フェルマーの最終定理/サイモン・シン

「フェルマーの最終定理は数学のセイレーンなのだ。天才たちを魅惑の声で誘っては、その希望を打ち砕く。」(P239)


 かの有名な、フェルマーの最終定理。

 わくわくドキドキでおもしろかった。この定理が生まれてから証明されるまでの、三世紀に及ぶ数学界のドラマ。ピタゴラスから始まる数学史だった。日本人数学者が重要なキーになっていて、勝手に誇らしかったです。証明、というはっきりとしたゴールがあるから飽きなかった。


 心理学とか法律のような、事実を積み上げて体系立てていく学問よりも、理論上、計算上はこうなるはずである、という学問の方が私は好きだ。成績がよろしかったとは言っていませんが。

 宇宙の話もそういう理由でそそられる。

 実際には観測できていないけれど、理論上は存在していないとおかしいダークマターとか。


 純粋数学なんて何の役にも立たないじゃないか、と言いたい人がいるのもわかる。そして数学者本人たちもそれをなかば自虐している。この学問のしがないファンとしてそういう意見へ申し上げたいことは、うるせえ、それがロマンだろうが。ならお前という存在は純粋数学以上に世界の役に立っているんですか? といったところでしょうか。
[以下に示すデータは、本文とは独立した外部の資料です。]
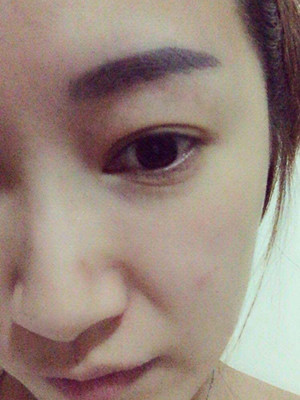 重慶五洲女子醫(yī)院整形美容中心做光子嫩膚怎么樣？淡明斌醫(yī)生光子嫩膚案例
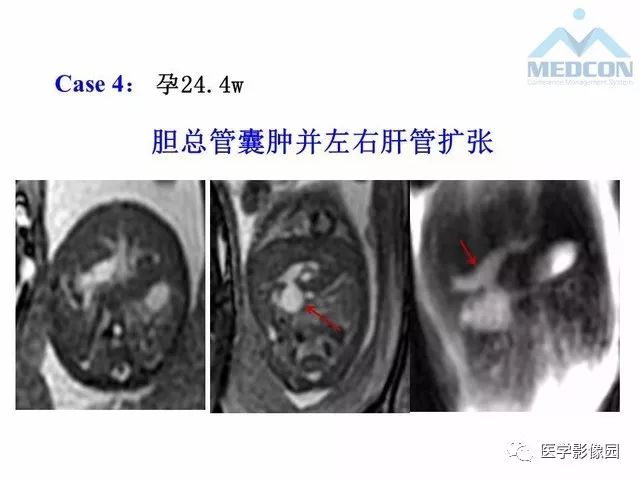 【PPT】胎儿肠梗阻：MRI表现与分析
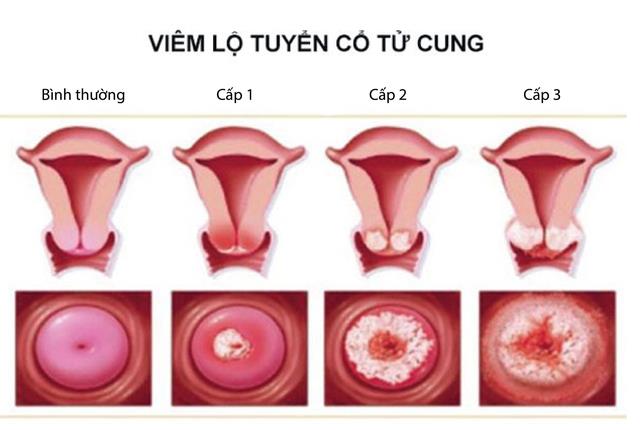 Tắc vòi trứng gây vô sinh ở phụ nữ?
「πが無理関数だと知ったところで何の役にも立たないだろうが、知ることができるのに知らないでいるなんて耐えられないではないか」(P241-242)


 純粋数学。究極の概念の学問だなと思う。

 何の外的要因も物理的障害もなく、時間の制約すら受けず、地球が消滅しても同じ式を解けば同じ解になる。けれども、もし「数を数える」という活動が失われたら、跡形もないのかもしれない。

 物理学が通用しない世界、くらいならSFにあると思うけど、数という概念の無い世界、のようなSFってあるのだろうか。あったとして理解できる気はしないが。


 欧米ならではのユーモアも多く、証明というゴールのおかげで飽きず、とても読みやすくておもしろかった。それでもやっぱり何言ってんのかわからん部分もあります。結構あります。こういう本を読むと、「何を言っているのか全然わからないけどとりあえず読み進める」という訓練になる気がする。そのような訓練がどこで役立つかというと、「銀河ヒッチハイクガイド」みたいなわけのわからんハチャメチャSFコメディを読むときなどに役立ちます。


 役に立たない純粋数学のロマンの話だったのに役立つ話をしてしまった(役立ちはしません)。